I’m lost and need to make a fire, I have a little water left in my water bottle, but I don’t have the energy for a friction fire. What can I do?
This actually happened to me years ago in one of my first planned wilderness survival experiences. Unfortunately, I did not have the adequate knowledge to avoid a very unpleasant time. If you have a clear water bottle with about ¼ of the water remaining and a sunny day it is possible to make a fire with sunlight focused though the upper smooth radius of the bottle with water. Read my post about it.
How can I apply survival mentality to my everyday life?
Survival and success are closely linked, but they are not often thought of together. Thinking about them as closely related will be the best method to applying survival mentality to the day-to-day. Optimizing effort, being prepared in situations that may arise, thinking ahead and being proactive are examples.
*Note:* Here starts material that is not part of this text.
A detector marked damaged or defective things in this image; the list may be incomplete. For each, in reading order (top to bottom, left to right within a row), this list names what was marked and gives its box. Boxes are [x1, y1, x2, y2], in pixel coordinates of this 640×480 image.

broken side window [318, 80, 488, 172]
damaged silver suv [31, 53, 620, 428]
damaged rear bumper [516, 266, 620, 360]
What should I prioritize in a survival situation?
Thinking of it like this may help. Prioritize your energy. The spending and generation of energy will be the link between physical survival and death. In truly dire situations you may have a very limited account to draw from. Thinking about your reserves and optimizing your efforts will reap the most beneficial combination of expense and earnings.
What is the most important survival aspect?
You could find a number of correct answers to this question. I will submit the most universally important aspect of survival is the mental capacity to control fear and anxiety. Food and water are obvious answers that no one would be surprised to hear. But, would you be prepare to eat anything, drink anything available to survive? Could you overcome your fear of heights if the need called?
Can survival and success be the same?
Absolutely. You are not alone if you find it difficult to draw parallels between survival in a harsh environment and success in your everyday life. Mental fortitude to overcome, realization that life isn’t and will never be fair and actively engaging in practice/training increase any survival or success situation.
What is the most hazardous climate for survival?
I imagine there are experts out there who will disagree with me. However, my feeling is regardless of rain, snow, ice or sun your best chance of survival comes down to the loss and retention of energy. Energy = calories = core temperature. Too hot, no good. Too cold, also no good. Striving for a consistent core temperature that is comfortable will offer the best chance of survival by optimizing the bodies expenditure of energy.